Il nous faut réaffirmer un fait imposé par la réalité de la politique arabe actuelle, confirmé quotidiennement par les événements et qui s'impose chaque jour davantage: le patriotisme, la loyauté à l'égard des principes de l'indépendance et la fidélité à ces principes, que ce soit en Syrie ou dans toute autre région arabe, mais en Syrie plus qu'ailleurs, ce patriotisme a rejoint les rangs de l'opposition, car le régime est devenu suspect.

«L'opposition et la cause arabe. "Al-Ba'th" - 21 Juillet 1946».

 

La liberté ne dépend pas des articles de la Constitution ou des textes de lois. Elle ne sert pas à inspirer des discours ou des écrits; elle est avant tout action. Elle ne pourra entrer dans nos vies que si nous donnons nos vies pour elle. Nous ne contraindrons nos dirigeants à la respecter et le peuple ne sera conscient de sa valeur et de son caractère sacré que dans la mesure où elle deviendra pour nous une «guerre sainte» et que nous saurons la défendre jusqu'au martyre.
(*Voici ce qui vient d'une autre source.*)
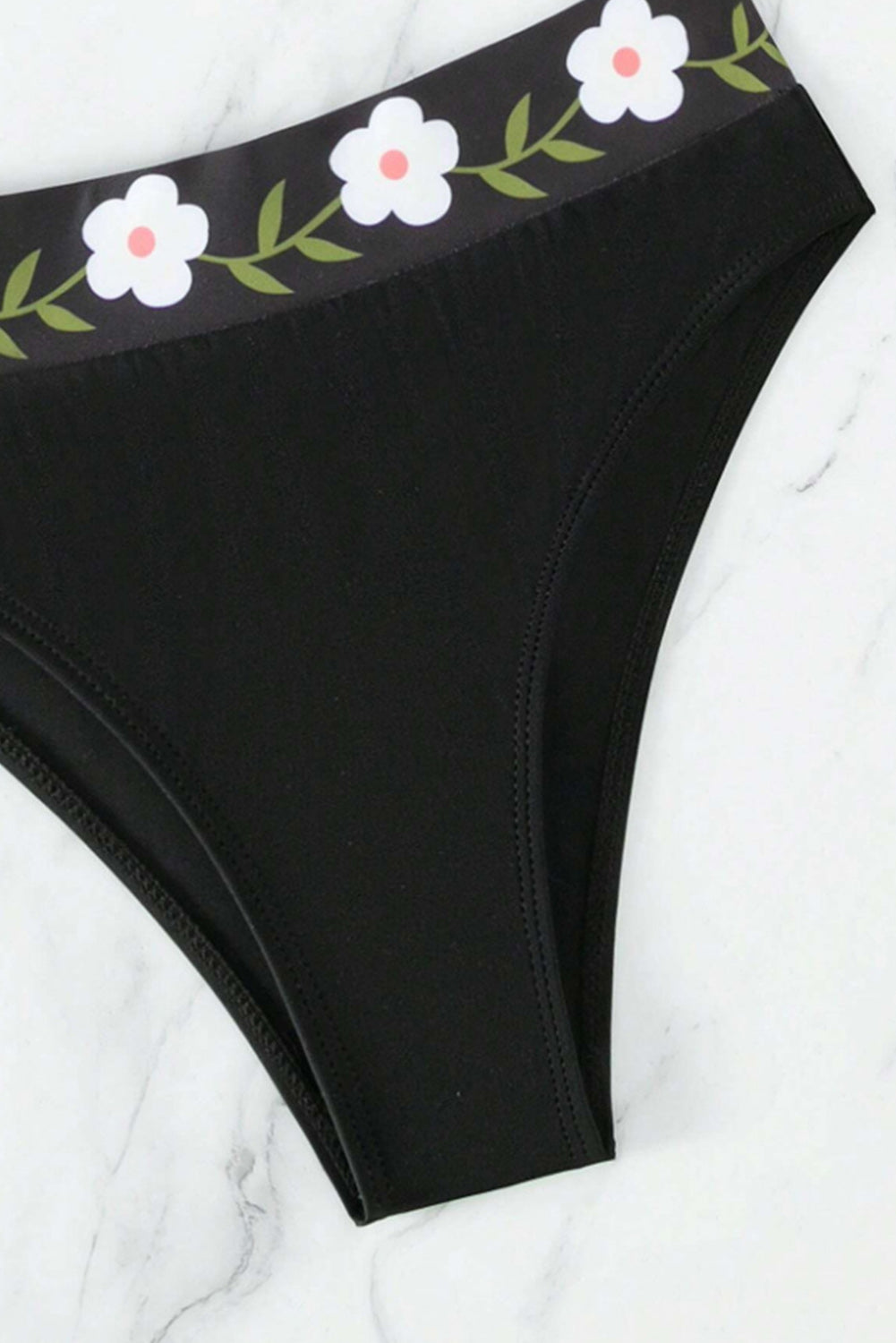 Crni kupaći kostim visokog struka s halterima s cvjetnim trakama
«Pourquoi nous aspirons à la liberté. "Al-Ba'th - 9 Août 1945».

 

Lorsque nous aspirons à la liberté, ou lorsque nous la défendons, nous ne nous attachons à quelque chose de théorique, sans rapport avec la réalité. La liberté rend les êtres conscients, qui peuvent savoir ce qu'il advient de leur pain quotidien, comment leurs richesses et les fruits de leur travail sont gâchés, pourquoi les gouvernants manipulent les fonctionnaires, corrompent les consciences et détruisent l'efficacité; comment ils avilissent l'honnêteté afin de gagner les élections. Pourquoi ils gardent la mainmise sur le pays, interdisant tout progrès, imposant la dégénérescence morale et la faillite matérielle.

La liberté est la pierre de touche qui permet au peuple de mesurer la qualité de son indépendance, s'affermir sur les positions acquises et aussi découvrir les imperfections de cette indépendance et les dangers extérieurs qui la menacent. Alors le peuple connaîtra les raisons de la réelle négligence avec laquelle est traité un problème aussi vital que la cause palestinienne, et il découvrira le secret de l'hégémonie étrangère sur la politique arabe et combien nous sommes limités et ligotés par cette influence. Le peuple réalisera quel grand degré d'influence ont les sociétés étrangères dans notre pays, il saura qu'elles se nourrissent de nos biens et de notre richesse; il prendra conscience de l'oppression à laquelle sont soumis nos travailleurs et des conspirations que ces sociétés ourdissent contre nous, pour réduire notre indépendance à un corps saigné à blanc, à un squelette sans vie.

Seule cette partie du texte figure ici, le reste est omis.